‘’Değişim, değişim!’’ dedik; daha ne olduğunu anlamadan, bir girdabın içinde bulduk kendimizi.
Hakikaten görmediğimiz, alışmadığımız olaylar; gün be gün hepimizi şaşkına çeviriyor.
"Ne, ne kadar doğru" anlayamıyor, basın organlarının ilettikleriyle yetinmek zorunda kalıyoruz.
Zannedersem, onların ilettikleri de aldıkları izinle sınırlı.
Güvendiğiniz, yıllarca yazılarını okuduğunuz yazarlar; daha önce yazdıklarının tam tersini söylemekteler.
Onları okuyunca inanamıyor, yıllarca savundukları düşünceleri nasıl da bir çırpıda bırakabildiklerine şaşıyorsunuz.
Peki, sağlıklı mı bu?
Asla!
Ne zaman mahkemeye çıkacağını bilmeden, yıllarca hapiste yatması var!!!
"Korku belası" dedikleri bu olsa gerek...
Bütün bu gelişmelerin yanı sıra, Türkiye'nin gündemi her gün değişiyor.
Bir gün Libya, ertesi gün Suriye, bir başka gün şehitler.
Bizim gibi sıradan insanlar; bu tür olaylardan ve dönen dolaplardan bıktı.
İnanmamamız gereken kişileri biliyoruz da gerisi toplumun sağduyusuna kalıyor.
Peki, bu değişimlerin altında ki neden ne?
Tabii ki Amerika.
Amerika denilen 235 senelik suni devlet.
Amerika topraklarının asıl sahipleri şu anda yoksulluk içinde yaşayıp kendi geleneklerini devam ettirmeye çalışan, gettolarda süründürülen Kızılderililer değil miydi?
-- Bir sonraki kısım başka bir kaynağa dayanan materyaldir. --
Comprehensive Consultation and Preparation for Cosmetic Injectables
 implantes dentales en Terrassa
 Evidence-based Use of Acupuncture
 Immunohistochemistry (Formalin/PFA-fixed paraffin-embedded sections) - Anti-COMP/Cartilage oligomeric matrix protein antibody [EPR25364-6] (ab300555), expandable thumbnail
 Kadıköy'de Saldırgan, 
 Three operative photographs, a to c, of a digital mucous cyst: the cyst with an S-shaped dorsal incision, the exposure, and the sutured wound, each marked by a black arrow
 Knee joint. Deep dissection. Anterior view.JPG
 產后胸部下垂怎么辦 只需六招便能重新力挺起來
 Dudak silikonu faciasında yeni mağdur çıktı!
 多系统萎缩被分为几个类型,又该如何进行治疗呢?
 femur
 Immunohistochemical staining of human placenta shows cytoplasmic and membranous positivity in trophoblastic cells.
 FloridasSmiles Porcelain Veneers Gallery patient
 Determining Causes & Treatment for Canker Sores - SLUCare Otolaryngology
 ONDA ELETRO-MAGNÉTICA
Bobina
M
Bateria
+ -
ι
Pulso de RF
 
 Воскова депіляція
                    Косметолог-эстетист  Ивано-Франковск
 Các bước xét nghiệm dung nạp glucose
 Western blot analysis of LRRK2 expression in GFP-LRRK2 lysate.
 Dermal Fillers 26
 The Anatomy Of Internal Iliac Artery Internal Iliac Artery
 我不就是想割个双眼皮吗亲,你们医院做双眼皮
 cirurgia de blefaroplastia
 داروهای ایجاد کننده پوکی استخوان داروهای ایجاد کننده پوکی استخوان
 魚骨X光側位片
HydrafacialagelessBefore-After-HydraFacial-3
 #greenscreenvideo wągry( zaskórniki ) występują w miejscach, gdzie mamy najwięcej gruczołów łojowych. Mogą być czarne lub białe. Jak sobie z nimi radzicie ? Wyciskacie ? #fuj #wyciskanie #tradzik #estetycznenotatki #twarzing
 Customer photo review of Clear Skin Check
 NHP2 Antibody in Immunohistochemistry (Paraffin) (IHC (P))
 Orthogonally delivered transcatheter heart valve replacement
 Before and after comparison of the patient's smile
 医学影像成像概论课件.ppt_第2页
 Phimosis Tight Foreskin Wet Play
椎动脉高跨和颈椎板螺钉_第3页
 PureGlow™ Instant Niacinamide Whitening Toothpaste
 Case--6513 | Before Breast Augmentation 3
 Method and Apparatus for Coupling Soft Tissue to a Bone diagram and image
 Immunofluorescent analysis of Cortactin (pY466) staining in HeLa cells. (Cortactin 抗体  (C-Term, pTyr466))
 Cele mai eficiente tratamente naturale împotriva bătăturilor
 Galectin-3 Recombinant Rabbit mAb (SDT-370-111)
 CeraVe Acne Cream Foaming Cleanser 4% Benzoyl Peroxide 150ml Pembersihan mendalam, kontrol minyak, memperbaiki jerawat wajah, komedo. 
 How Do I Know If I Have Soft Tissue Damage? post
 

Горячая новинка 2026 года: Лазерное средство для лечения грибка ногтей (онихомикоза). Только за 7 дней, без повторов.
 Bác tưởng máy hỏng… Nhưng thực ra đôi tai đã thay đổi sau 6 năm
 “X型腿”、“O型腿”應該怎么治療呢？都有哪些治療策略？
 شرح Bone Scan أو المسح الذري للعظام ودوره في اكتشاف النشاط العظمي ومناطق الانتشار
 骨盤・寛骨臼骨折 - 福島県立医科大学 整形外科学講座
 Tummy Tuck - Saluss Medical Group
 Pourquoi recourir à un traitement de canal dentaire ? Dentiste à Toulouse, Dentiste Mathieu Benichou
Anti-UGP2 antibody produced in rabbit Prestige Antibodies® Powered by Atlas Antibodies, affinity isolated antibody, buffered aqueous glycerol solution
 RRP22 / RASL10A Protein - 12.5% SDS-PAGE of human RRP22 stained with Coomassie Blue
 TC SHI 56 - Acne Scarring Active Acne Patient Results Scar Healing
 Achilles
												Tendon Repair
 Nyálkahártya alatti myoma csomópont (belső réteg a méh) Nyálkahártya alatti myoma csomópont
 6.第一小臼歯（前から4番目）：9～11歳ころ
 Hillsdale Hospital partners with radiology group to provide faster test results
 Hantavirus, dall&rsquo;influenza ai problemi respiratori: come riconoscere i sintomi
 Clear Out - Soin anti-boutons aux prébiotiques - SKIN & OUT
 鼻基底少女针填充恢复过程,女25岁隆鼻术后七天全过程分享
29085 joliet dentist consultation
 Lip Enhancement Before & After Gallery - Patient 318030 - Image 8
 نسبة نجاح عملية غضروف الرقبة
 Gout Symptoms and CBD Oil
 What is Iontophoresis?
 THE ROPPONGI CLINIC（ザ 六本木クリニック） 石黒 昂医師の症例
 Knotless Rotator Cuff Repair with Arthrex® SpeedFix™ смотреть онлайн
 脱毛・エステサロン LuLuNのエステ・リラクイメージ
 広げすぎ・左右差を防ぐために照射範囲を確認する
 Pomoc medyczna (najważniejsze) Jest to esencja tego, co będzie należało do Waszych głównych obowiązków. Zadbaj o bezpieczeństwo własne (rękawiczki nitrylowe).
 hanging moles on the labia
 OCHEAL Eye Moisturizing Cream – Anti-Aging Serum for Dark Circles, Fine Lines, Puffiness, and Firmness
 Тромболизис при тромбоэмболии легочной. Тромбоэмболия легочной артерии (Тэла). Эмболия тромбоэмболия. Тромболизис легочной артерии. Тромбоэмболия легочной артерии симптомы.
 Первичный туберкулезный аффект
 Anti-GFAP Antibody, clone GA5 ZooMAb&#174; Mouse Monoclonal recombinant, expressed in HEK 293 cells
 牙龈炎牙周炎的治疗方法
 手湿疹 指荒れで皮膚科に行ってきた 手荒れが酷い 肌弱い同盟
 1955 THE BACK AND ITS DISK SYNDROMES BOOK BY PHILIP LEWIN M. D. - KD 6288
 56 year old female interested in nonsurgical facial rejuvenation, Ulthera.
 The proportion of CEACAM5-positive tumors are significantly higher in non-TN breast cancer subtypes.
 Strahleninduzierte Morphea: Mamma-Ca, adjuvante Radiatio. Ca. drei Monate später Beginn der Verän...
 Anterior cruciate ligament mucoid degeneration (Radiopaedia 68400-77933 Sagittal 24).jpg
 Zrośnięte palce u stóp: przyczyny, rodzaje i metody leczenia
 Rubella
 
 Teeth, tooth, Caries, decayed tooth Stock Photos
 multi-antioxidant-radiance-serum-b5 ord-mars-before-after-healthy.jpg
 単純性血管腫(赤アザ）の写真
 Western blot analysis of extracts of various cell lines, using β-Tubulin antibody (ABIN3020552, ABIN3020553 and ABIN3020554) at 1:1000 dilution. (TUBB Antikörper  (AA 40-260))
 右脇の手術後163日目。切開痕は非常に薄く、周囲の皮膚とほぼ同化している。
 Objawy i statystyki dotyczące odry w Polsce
Birçok ulustan gelen insanların çok organize bir şekilde Amerikalılaştırıldığı, kendilerini sürekli tehdit, korku altında hisseden ve bu şekilde ulus bilincinin oluşturulup güçlendirildiği insanlardan oluşan bu devlet; yıllar öncesinden, dünyayı hâkimiyeti altına alma düşüncesiyle bir plan yapmış ve gelen başkanlar hangi partiden olursa olsun, bu plana uymak ve uygulamak zorunda bırakılmışlardır.
Din, ırk hiç önemli değildir.
Mühim olan o plan doğrultusunda devleti yönetmektir.
"Büyük Orta Doğu Projesi"...
Kuzey Afrika, Orta Doğu, Türkiye ve İran'da dahil olmak üzere; parçalama, bölme, işlemleri başladı.
En basit bir örnekle anlatmak istiyorum.
Bundan 10 veya 12 yıl önce, yeğenim, bir iş için İtalya'ya gitmişti de dönüşünde anlattıkları tüylerimi ürpertmişti.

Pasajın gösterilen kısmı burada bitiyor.